Re: Counters and Top 10

2011-12-25 Thread Benoit Perroud
With Composite Column Name, you can even have column composed of sore
(int) and userid (uuid or whatever). Empty column value to avoid
repeating user UUID.


2011/12/22 R. Verlangen ro...@us2.nl:
 I would suggest you to create a CF with a single row (or multiple for
 historical data) with a date as key (utf8, e.g. 2011-12-22) and multiple
 columns for every user's score. The column (utf8) would then be the score +
 something unique of the user (e.g. hex representation of the TimeUUID). The
 value would be the TimeUUID of the user.

 By default columns will be sorted and you can perform a slice to get the top
 10.

 2011/12/14 cbert...@libero.it cbert...@libero.it

 Hi all,
 I'm using Cassandra in production for a small social network (~10.000
 people).
 Now I have to assign some credits to each user operation (login, write
 post
 and so on) and then beeing capable of providing in each moment the top 10
 of
 the most active users.

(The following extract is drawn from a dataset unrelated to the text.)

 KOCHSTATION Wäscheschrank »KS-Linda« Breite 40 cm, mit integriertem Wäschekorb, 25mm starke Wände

I'm on Cassandra 0.7.6 I'd like to migrate to a new
 version in order to use Counters for the user points but ... what about
 the top
 10?
 I was thinking about a specific ROW that always keeps the 10 most active
 users
 ... but I think it would be heavy (to write and to handle in thread-safe
 mode)
 ... can counters provide something like a value ordered list?

 Thanks for any help.
 Best regards,

 Carlo






-- 
sent from my Nokia 3210


R: Re: Counters and Top 10

2011-12-25 Thread cbert...@libero.it
Hi all,
I've red all your messages concerning the top 10 ... any solution is possibile 
but I still did not find the best one.

Using a composite Column Name as suggested would be smart cause it brings to a 
sorted row where I can have my top-10 in any moment but it can slow down all 
the platform since, for every operation, I have to read data from cassandra, 
calculate and store data back. Using counters I could just say hey, +1 on 
this and forget. But using counters I don't have any kind of value-sorting ...

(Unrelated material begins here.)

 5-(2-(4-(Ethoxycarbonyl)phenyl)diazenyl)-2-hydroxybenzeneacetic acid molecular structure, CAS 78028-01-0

I know redis but I think it's too much to use a new key-value db just for this 
sorting ... I think I'll use a thread that run every X to generate the top10 
row ... it won't be realtime but at least it will keep platform performance to 
a good level.

Thank you all and merry christmas

Messaggio originale
Da: ben...@noisette.ch
Data: 25/12/2011 10.19
A: user@cassandra.apache.org
Ogg: Re: Counters and Top 10

With Composite Column Name, you can even have column composed of sore
(int) and userid (uuid or whatever). Empty column value to avoid
repeating user UUID.


2011/12/22 R. Verlangen ro...@us2.nl:
 I would suggest you to create a CF with a single row (or multiple for
 historical data) with a date as key (utf8, e.g. 2011-12-22) and multiple
 columns for every user's score. The column (utf8) would then be the score +
 something unique of the user (e.g. hex representation of the TimeUUID). The
 value would be the TimeUUID of the user.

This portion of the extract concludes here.